Skelton served on the NWCG Fire Leadership Subcommittee from 2004 to 2017 serving as an interim USFS representative, the L-380 Curriculum Manager for 6 years, and an active member in the development of National and local Staff Rides. Skelton was also selected to be a participant in the Wildland Fire, Marine Corps exchange program in 2002, Quantico, VA at the Marine Corps University, where they crossed trained on the concepts of the development of Tactical Decision Games, Sand Table Exercises and Staff Rides. He also served on the USFS National Fire Diversity Committee as a representative from Region 2 for two years.
Jimmie retired after 36 years in the fire service. He started my career in the Sequoia National Forest and retired as Wildland Operations Superintendent with the Kern County Fire Department.
During that time, he served 20 years as a hotshot on the Rio Bravo Hotshot Crew; 5 years as a Foreman, and 15 years as the Superintendent of the crew
Currently he serves as the Vice President of the U.S Hotshot Assocation.
He joined the Board of Directors of the U.S. Hotshot Association as a way of honoring his friend Stan Stewart our past president and helping fulfill his wishes- of paying it forward to the hotshot community and wildland community in a whole.

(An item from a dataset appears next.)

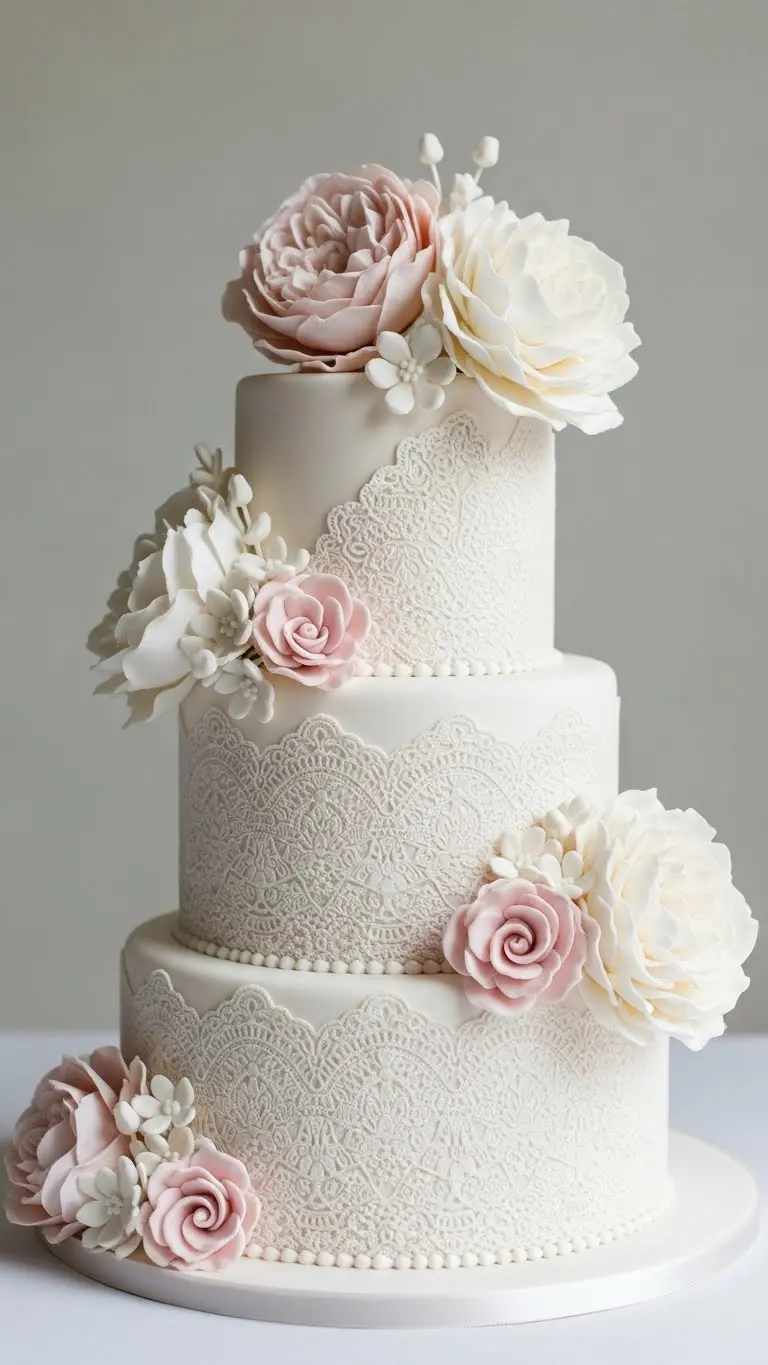 Floral and Lace Wedding Cake Designs: 21 Elegant Ideas 3 Why Floral and Lace Wedding Cake Designs Never Go Out of Style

Brian started in wildland fire with the Forest Service in 1998, working for the Columbia River Gorge National Scenic Area. First, fire was a way to pay for college, but quickly became much more. In 2003 he landed a spot on the Los Padres Hotshots, where he worked for the much-missed Stan Stewart, one of the founding members of the US Hotshots Association. The current Treasurer, Brian has been active with the USHA since official inception in 2016, becoming a Board Member in 2019.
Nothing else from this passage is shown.